İsrail'in Akdeniz'de, ekonomik münhasır bölgesinde bulunan zengin doğal gaz kaynaklarıyla ilgili planlarında Türkiye'nin hayati önemi var. Doğal gazı Avrupa'ya ihraç edeceği boru hatları için en kısa ve en az maliyetli yolun, Kuzey Kıbrıs Türk Cumhuriyeti (KKTC) kara sularından ve Türkiye üzerinden geçeceği uzun süredir İsrail'in de dillendirdiği somut seçenektir. Türkiye'ye saldırması halinde bu yolun kapanacağını bilmektedir.
Sıraladığımız nedenlerden hareketle İsrail'in, Türkiye'ye saldırıp saldıramayacağına siz karar verin.

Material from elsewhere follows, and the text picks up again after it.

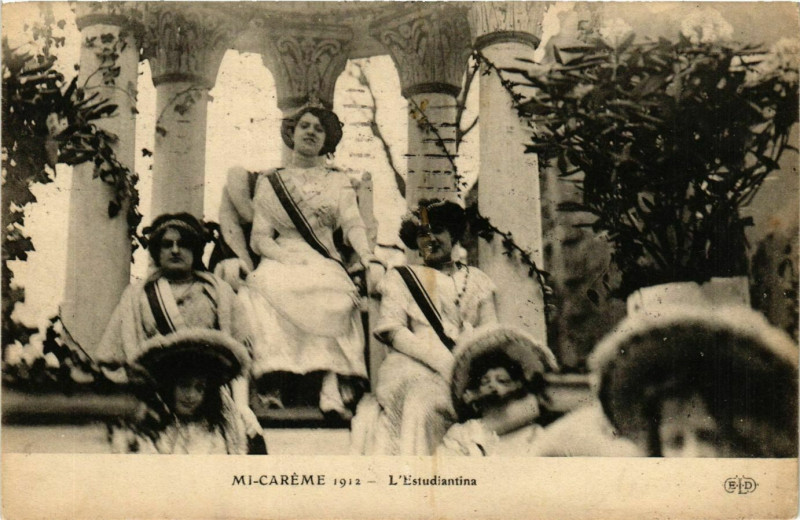 Carte postale ancienne Paris Mi-Careme 1912 l'Estudiantina à Paris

Ancak göz ardı edilen bir gerçek var ki o da İsrail'in, Türkiye'ye dolaylı yollardan zaten uzun yıllardır saldırdığı ve saldırmaya devam edeceğidir.
Sonuç:
İsrail’in Türkiye’ye doğrudan saldırma ihtimali, yakın ve orta vadede son derece düşük. Bu, iki ülkenin stratejik çıkarlarına aykırı. Ancak diplomatik gerilimler, ekonomik baskılar, siber savaş gibi dolaylı yöntemler önümüzdeki dönemde artabilir.